A good UX, for instance, naturally consumes less energy. This is because it will be optimised well and will function with fewer clicks on the part of the user, allowing them to navigate the site easily. But it takes a knowledgeable web designer to pull off a concise and navigable platform. 

That’s why you need a web designer with skills that include:

  • Graphic design
  • Photo editing
  • Front-end development languages 
  • Use of content management systems 
  • Conversion Rate Optimisation (CRO) techniques

Whether you decide to take out a job listing or build these skills for yourself, having an expert on hand to help you streamline the sustainability of your design will improve your chances of success. From there, you’ll be able to maintain a site that is more accessible and beneficial to the environment, the economy, and all kinds of users. 

3.5 Explore green web hosting options

But to truly minimise your carbon output, you’ll also want to explore green web hosting options. Green web hosting services are companies that make exclusive use of renewable energy in powering their servers and networks that send your website to the internet. Alternatively, these companies will purchase renewable energy credits to offset other energy use.

Since this part of the web design process is the most energy-intensive, using a green hosting partner will make the most difference in your environmental impact. There are all kinds of options out there, with different companies offering various rates and features. You’ll want a green hosting service that has been proven to make a difference through sustainable policy and is within your budget. 
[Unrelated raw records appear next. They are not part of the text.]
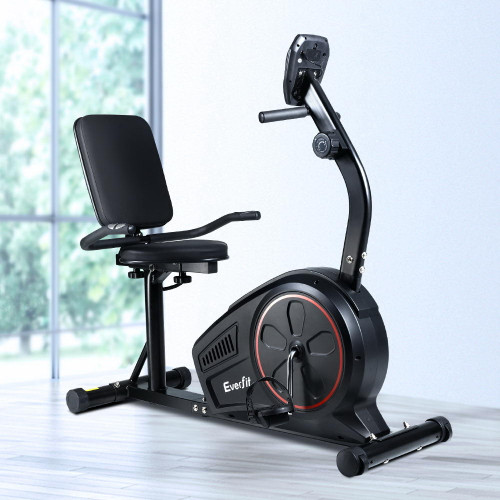 Magnetic Recumbent Exercise Bike Fitness Trainer Home Gym Equipment Black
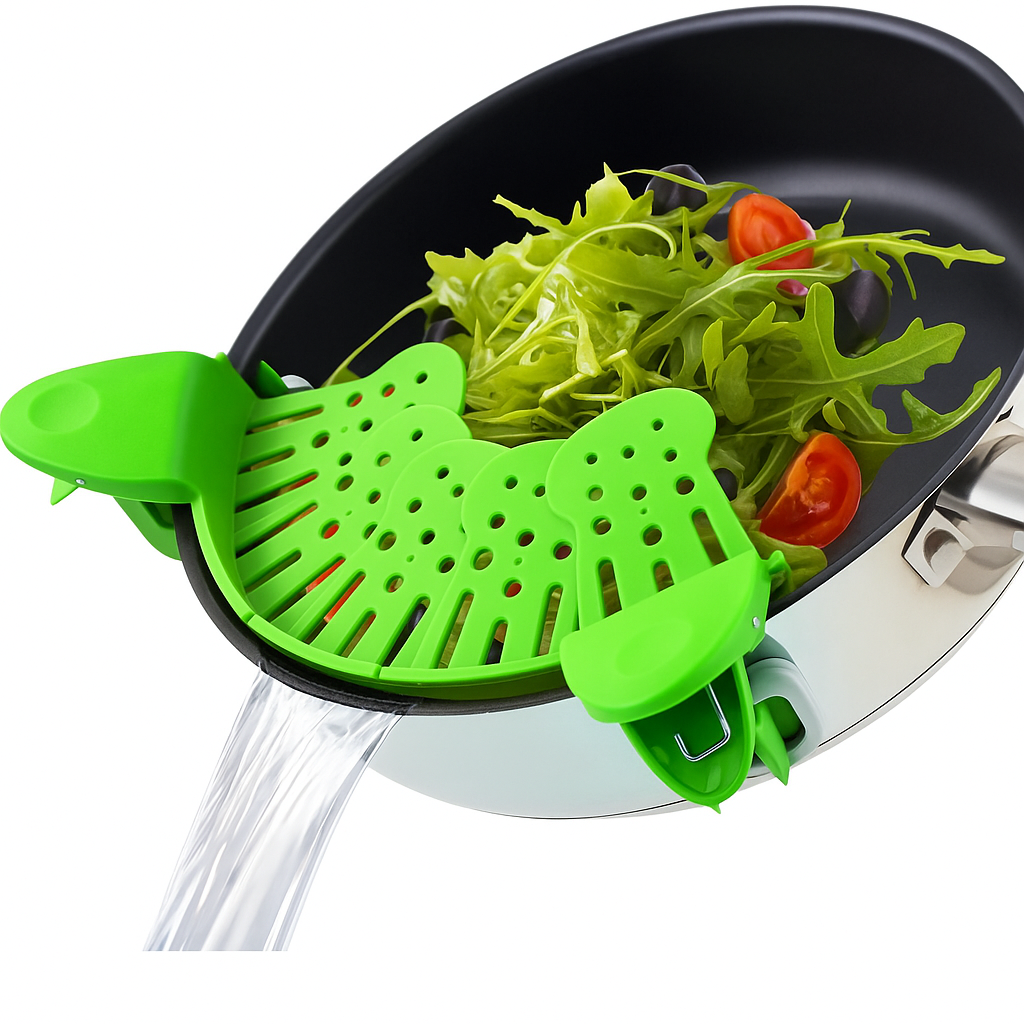 Green silicone clip-on strainer draining water from pan with fresh vegetables and cherry tomatoes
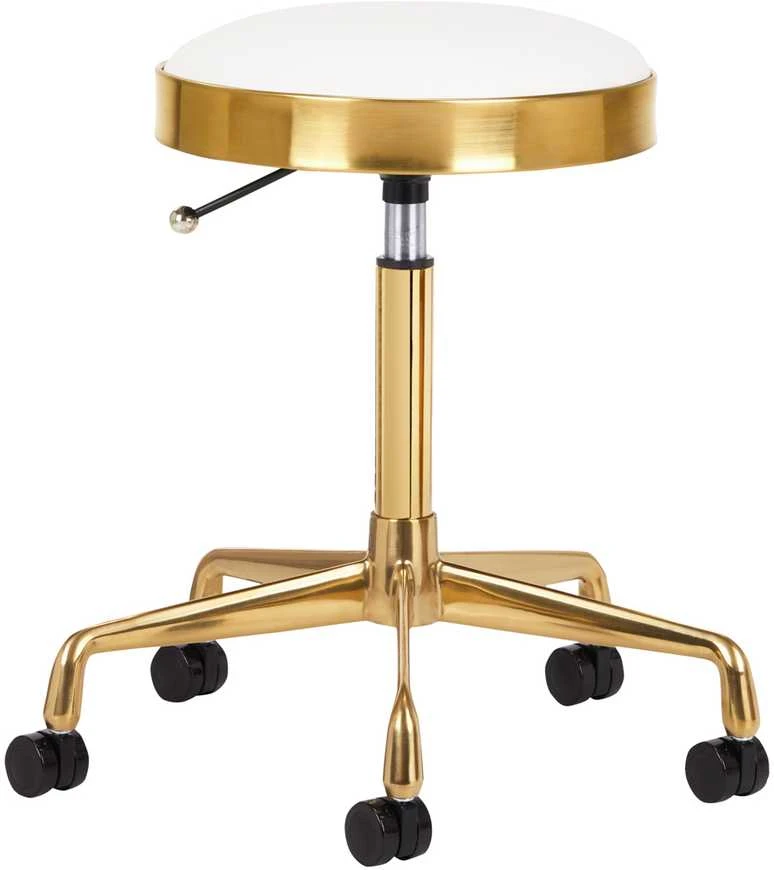 Activeshop Kosmetologinė meistro kėdutė GREEK MODEL 1 Baltas GOLD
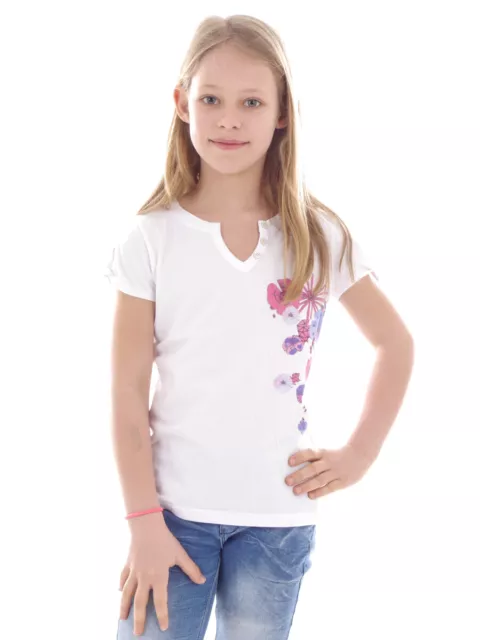 Brunotti T-Shirt Haut D’Été T-Shirt Blanc Boutons Fleurs Nœuds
Remember, sustainability is always about the environment, economy, and people, together so find solutions that work for all three. 

With these strategies, you too can implement sustainable web design and create a future of greater opportunities. From the difference you’ll make in carbon emissions to the ranks of users who will be able to engage with what you have to offer, sustainability simply makes for a better world. By building this world first on the web, we can help transition all kinds of industries to a sustainable future. 

4. Building a sustainable future through the web

The threat of climate change is real. Meanwhile, inequitable outcomes trouble both the digital and physical economies. To make a real difference, we all have to come together to implement greater efficiency. For web designers, this means following standards when putting together a fast and clean site.

Understand the massive importance of sustainability efforts, then follow these strategies for implementing a sustainable design across your websites. A better, more accessible future awaits.